Cumhurbaşkanı Erdoğan, “Kardeşlerim burada şunu çok net ifade etmek durumundayım. Filistin halkının Birleşmiş Milletlere tam üye bir devletlerin olmaması hem büyük bir ayıp hem de çok ciddi bir haksızlıktır. Bu adaletsizliğin süratle giderilmesi gerektiğine inanıyorum. Geçen hafta, Güvenlik Konseyi'nde bu yönde atılan adım Amerika Birleşik Devletleri'nin vetosuyla karşılaşmış ve engellenmiştir. Amerika bu kararıyla sadece Filistin halkının değil, güvenlik konseyi üyesi diğer devletlerin iradesini de yok saymıştır. İsrail'in daha fazla şımartılmasına sebep olan bu kararı kabul etmiyoruz. Amerikan yönetimi İsrail'e verdiği koşulsuz askeri ve diplomatik destekle çözüme katkı sunmuyor. Sorunun daha da büyümesine vesile olur. Gazze'de 35 bin insan acımasızca katledilmişken Amerikan Senatosu'nun İsrail'e 25 milyar dolarlık askeri yardım paketini onaylaması bunun en net göstergesidir.

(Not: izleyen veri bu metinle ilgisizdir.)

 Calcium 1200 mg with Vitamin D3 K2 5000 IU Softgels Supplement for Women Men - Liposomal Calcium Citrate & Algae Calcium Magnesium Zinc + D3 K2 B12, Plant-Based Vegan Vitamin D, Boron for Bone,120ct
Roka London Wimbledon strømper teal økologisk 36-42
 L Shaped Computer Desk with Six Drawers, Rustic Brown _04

Adil bir hakemlik yerine İsrail'e hamilik yapmak bölgemizdeki krizlerin derinleşmesi ve yayılmasından başka hiçbir işe yaramaz" diye konuştu.
“BATILI ÜLKELERİN ARTIK SABIR TAŞIMIZI ÇATLATAN İKİYÜZLÜ POLİTİKALARINI REDDEDİYORUZ"

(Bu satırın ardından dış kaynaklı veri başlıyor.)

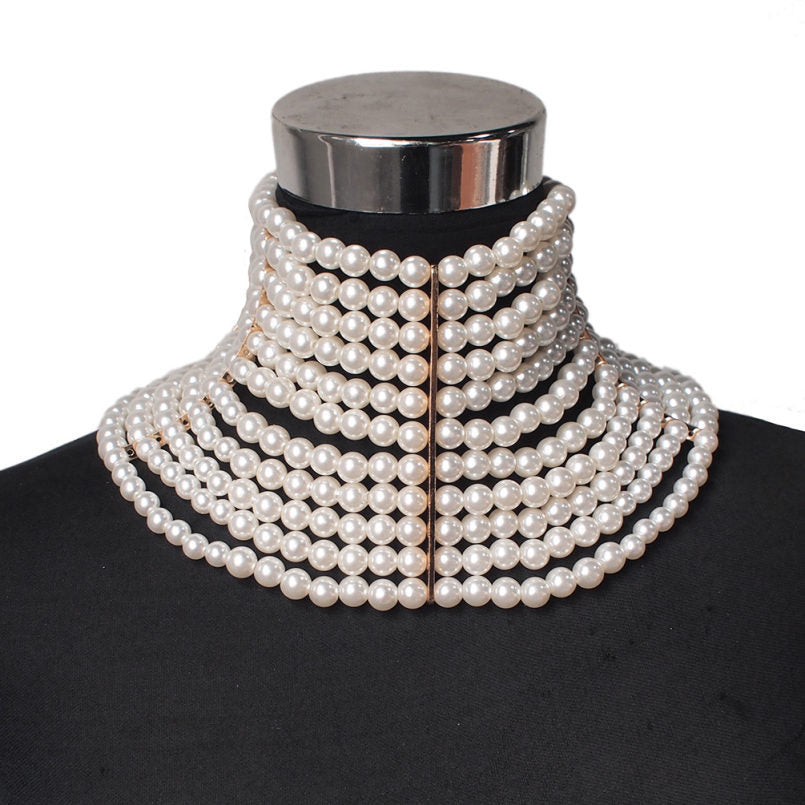 Multi-layered Pearl Sexy Short Necklace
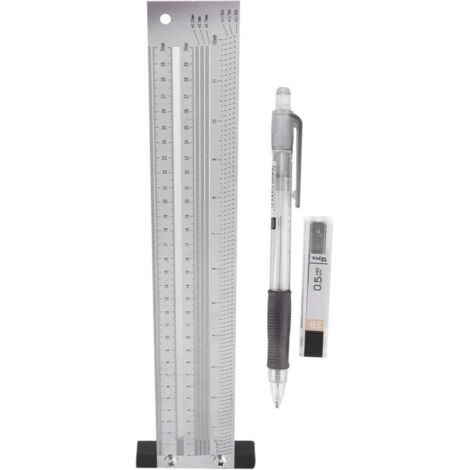 Règle de marquage, règle de marquage en T de haute précision, règle de traçage du bois en acier inoxydable, outil de mesure de jauge de ligne de menuisier, avec crayon mécanique(12inch)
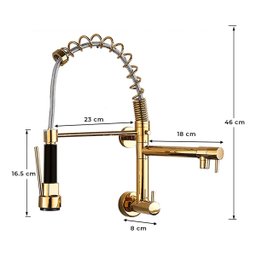 Torneira de Parede Cozinha Gourmet Cor Dourada Aço Inox 304 - Brinovar - 8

Erdoğan, “1915 olayları üzerinden Türkiye'ye yönelik asılsız ithamları tekrarlamak yerine Amerikan yönetimi Gazze'ye bakmalı, İsrail'in Gazze'deki soykırım girişimlerini görmeli, bunun engellenmesi için gayret etmelidir. Filistin meselesini, Batılı ülkelerin artık sabır taşımızı çatlatan ikiyüzlü politikalarını reddediyoruz. Amerikan vetosu bizim dünya beşten büyüktür tespitimizin ne kadar haklı olduğunu bir kez daha göstermiştir. Yine Gazze krizinde, siyonizmin Amerika ve Avrupa ülkeleri başta olmak üzere küresel ölçekteki tahakkümünü bizzat görmüş olduk. Bu süreç siyonist şebekenin ekonomiyi, ticareti, medyayı, sanatı, sinemayı, düşünceyi, akademi dünyasını nasıl esir aldığını ortaya çıkardı. Yıllarca bize demokrasiden bahsedenlerin fikir ve toplanma hürriyetinden dem vuranların söz konusu İsrail olunca İsrail'in çıkarları olunca nasıl faşizan hale geldiklerine hep birlikte şahit olduk" ifadelerini kullandı.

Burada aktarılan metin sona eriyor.